When he suddenly awoke, he was drenched. The concerned governess was wiping his brow.
“My poor Jonas, you had such a bad dream,” she said softly. “The doctor is on his way over to see you now. It will be all over soon.”
“I don’t want him to see me,” Jonas said in a tiny voice. “He hurt me last time with all those shots for diphtheria.”
“Jonas, he has to see you. You’re very sick. He will help you,” the governess said in a pleading tone. “Jonas, do this for me.”
It was three in the morning when Doctor Citroen arrived. In spite of the hour, he wore a very dark suit and carried an ominous-looking black bag that no doubt contained long syringes for painful injections.

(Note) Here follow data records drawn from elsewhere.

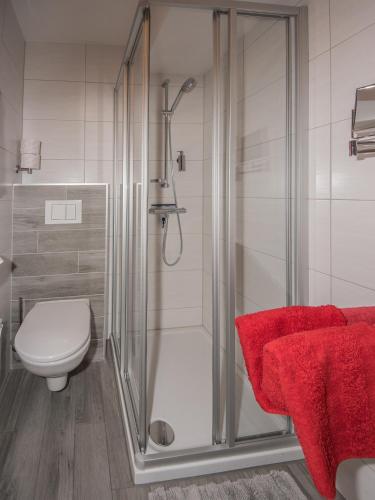 a bathroom with a shower with a toilet and a red towel at Ferienwohnung Gaigg in Weyregg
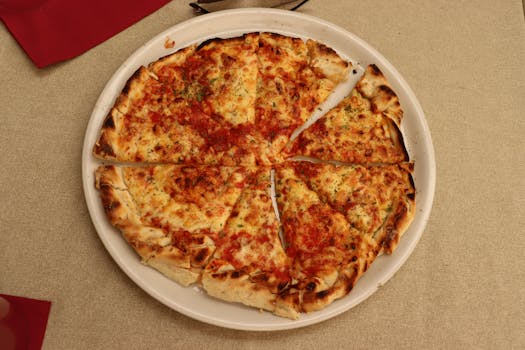Savor a freshly baked traditional pizza captured in Kotor, highlighting its cheesy, crispy perfection.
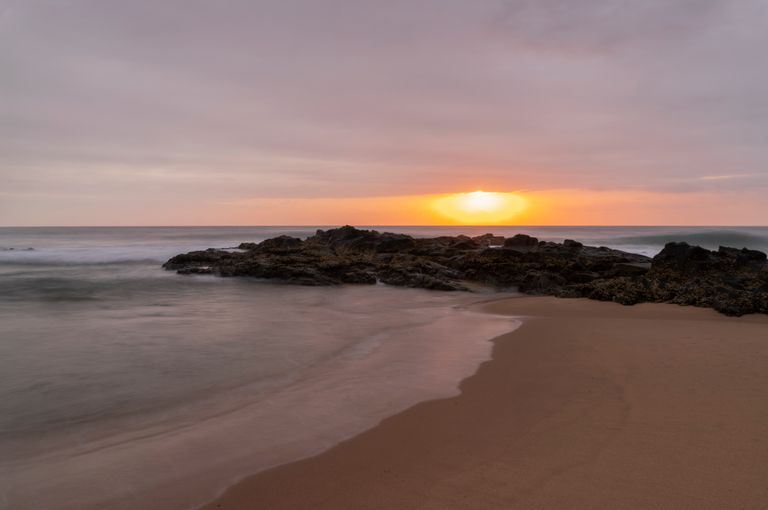 Peaceful sunrise at the Dolphin Coast with waves softly hitting the sandy shore and rocky formations.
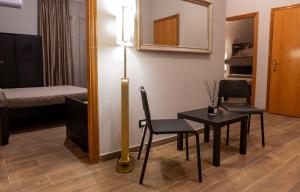 een kamer met een tafel en stoelen en een bed bij Santé in San Nicandro Garganico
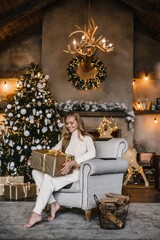 Fototapeta na wymiar young beautiful woman model with long hair in a beige suit christmas tree christmas In brown wooden houses 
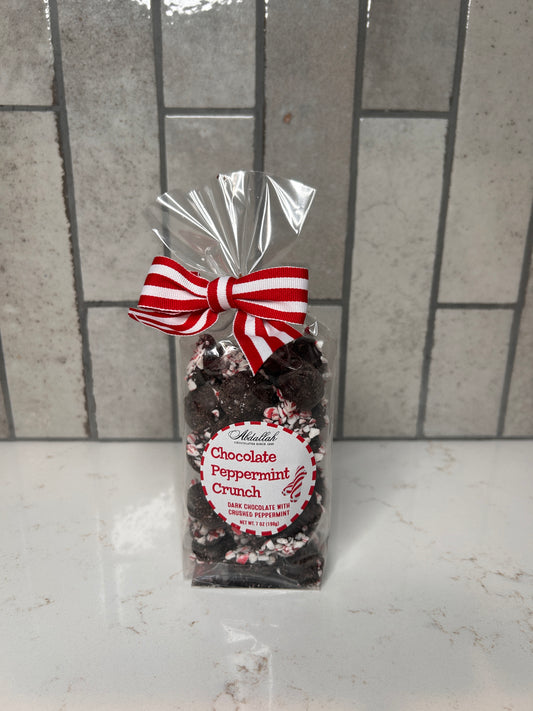 Clear bag of dark chocolate peppermint crunch candies coated with crushed peppermint, tied with a red-and-white striped bow, displayed on a light countertop with a neutral tile backsplash.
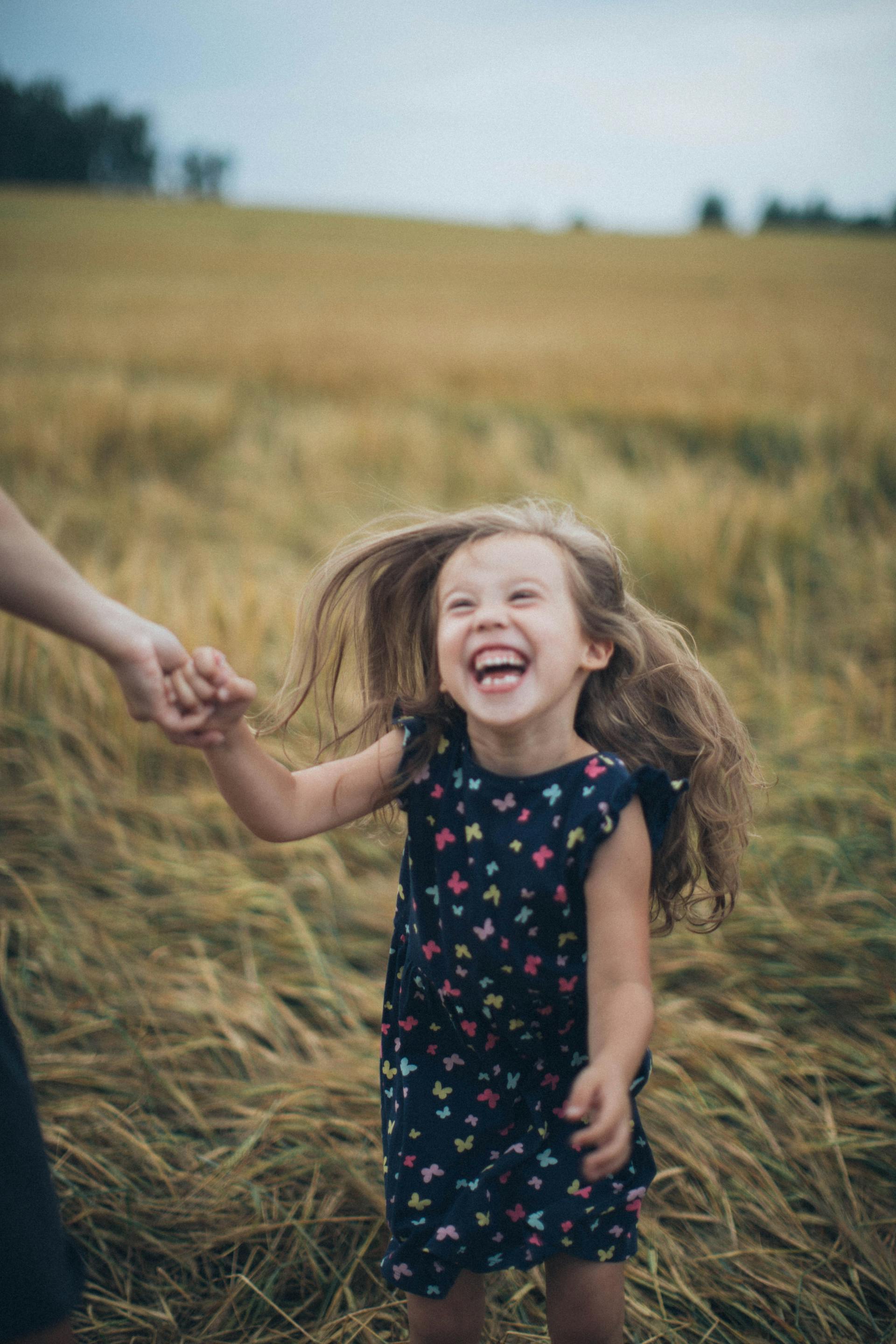 A smiling little girl holding her mother's hand in a field | Source: Pexels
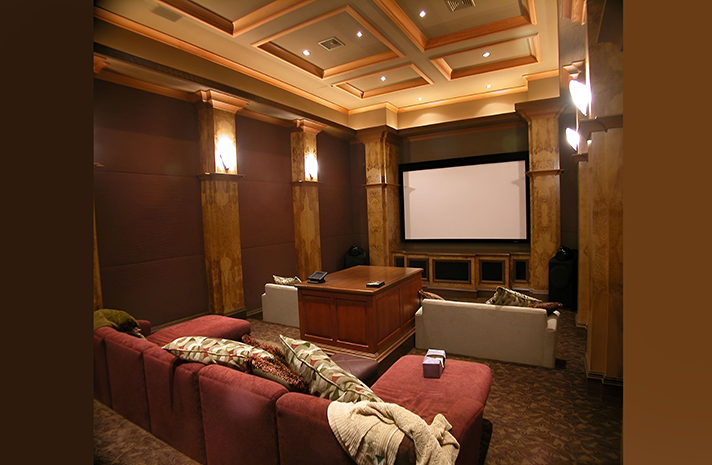 A home theater with a large screen and a couch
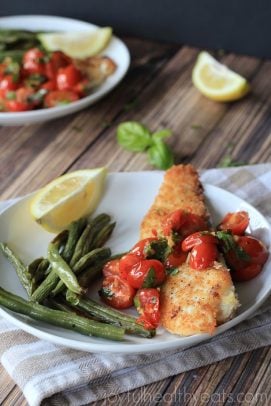 Panko Crusted Tilapia with Tomato Basil Sauce on a plate.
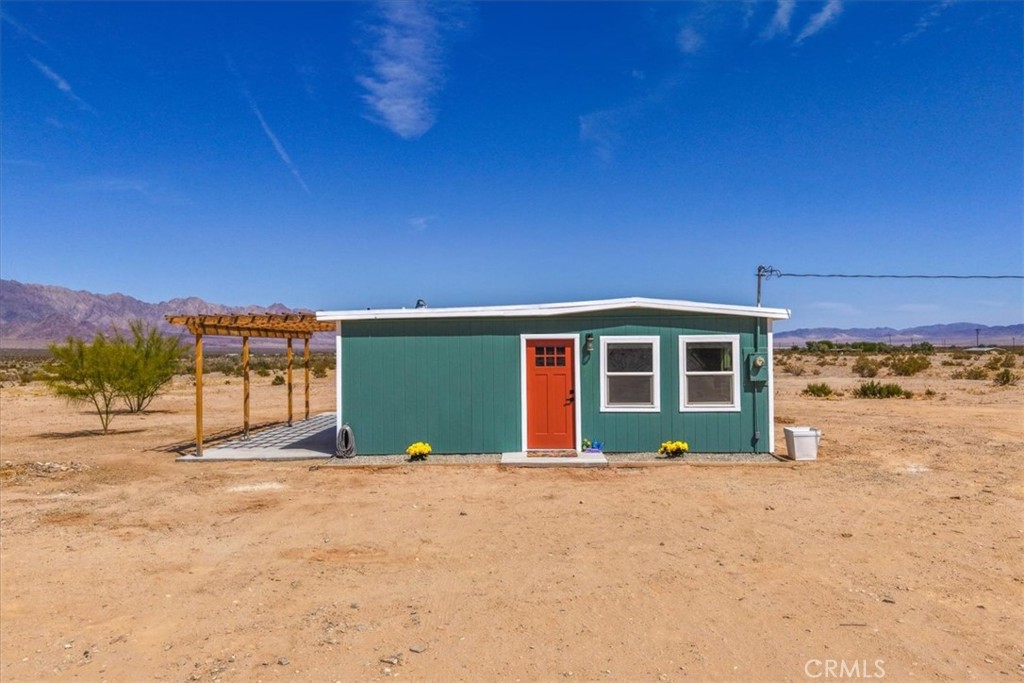 84320 McCombie Road Twentynine Palms, CA 92277 - Photo 3 of 57 a view of a house with a yard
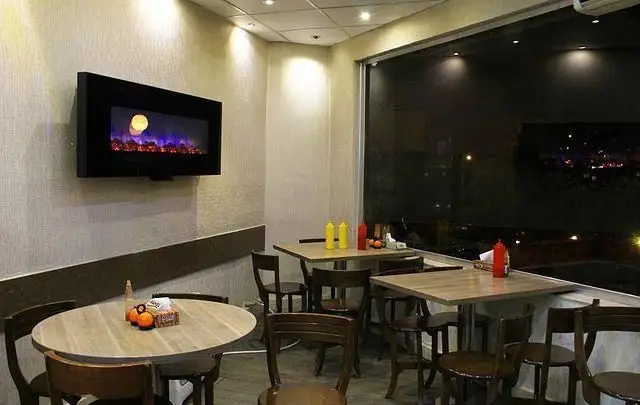 فضای داخلی دنج و مدرن رستوران پیتزا رم با میز و صندلی‌های چوبی، شومینه دیواری و پنجره‌ای رو به منظره شب شهر، ایده‌آل برای یک وعده غذایی لذیذ.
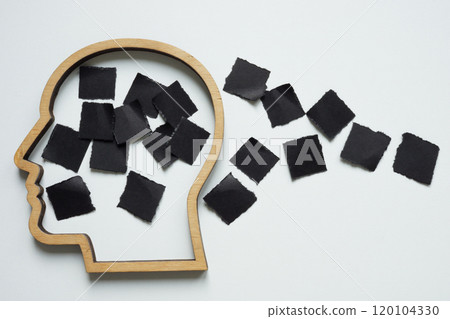 Head outline with black paper pieces. Fragmented thoughts and mental challenges. 120104330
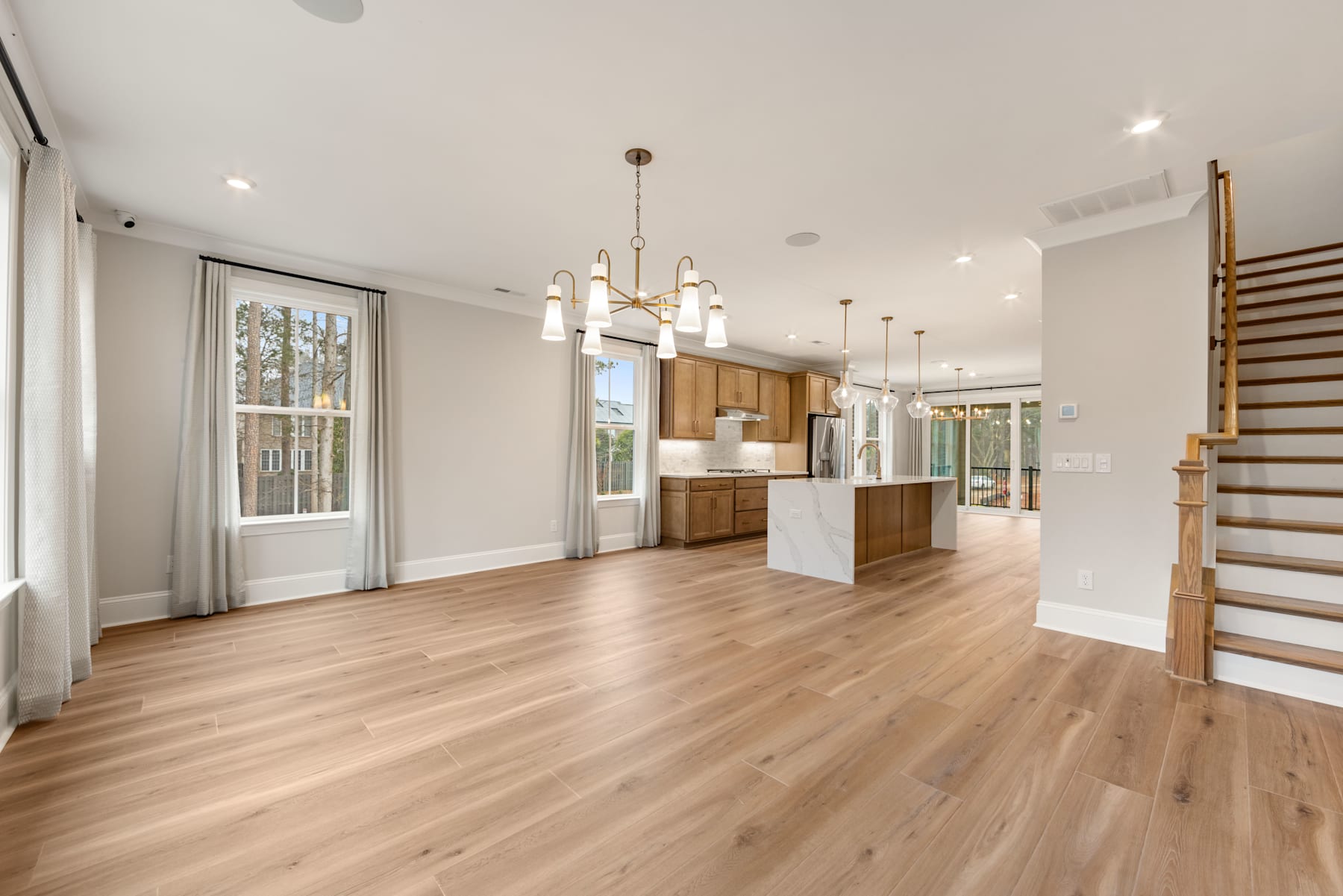A spacious and modern open-plan living area with hardwood floors, a kitchen with wooden cabinets, and a staircase leading to an upper level.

“How is my friend, Jonas?” the doctor asked cheerfully. As soon as he put one foot in the room Astor lurched at him with bared teeth. He growled and would have attacked the physician if the gentleman had not quickly moved behind the door back into the hallway.
“Tell A
stor to let the doctor in!” the governess commanded. But nothing she said or threatened changed the boy’s mind.
“All right,” the doctor finally said in frustration, “sponge him down some more, Fräulein, and give him a tincture of belladonna and the phenobarbital. At least we will quiet him in bed.”
By morning the fever had dropped, the doctor was long gone and Jonas felt hungry. After a breakfast of applesauce and a soft-boiled egg, Jonas was ready to begin his day. It was as if yesterday had never been.
“You have to stay in bed. The doctor said so. I reached your parents. They will be home by tomorrow, and then they can fight with you.”
In the late morning, the Rabbi arrived to give Jonas his Hebrew lesson.
“You better not go in,” the governess said. “Astor will attack you.”
“Rubbish.” The Rabbi entered the door. Astor excitedly jumped on him, licking his face with great enthusiasm.
“You do look sick, Jonas. I guess we will skip vocabulary and letters today, but I will read you a story by one of the great Jewish writers, a man called Sholom Aleichem.”
Jonas fell asleep as the Rabbi finished the tale. When he awoke, it was late afternoon, and to amuse himself Jonas tore open the pillowcase and tossed the feathers into the air. Soon the room was so covered with feathers that it looked like a chicken-coop. He crawled out of bed and went into the library, Astor at his side, climbing the ladder leading to the forbidden books.
As he was about to pull out the volume with pictures of naked women in Africa, the governess stormed into the library.
“Get back into bed! You are really a bad boy. Don’t you see enough of naked women?” she admonished.
As soon as Jonas was back in bed he began to vomit again, and once more his temperature began to rise. When Doctor Citroen arrived he again saw a very angry dog standing between him and a very sick boy lying in the bed.
“I have to get to him. Call the chauffeur and get a net. We have to get the dog out, even if we have to shoot it; otherwise, I am afraid for the boy’s life.”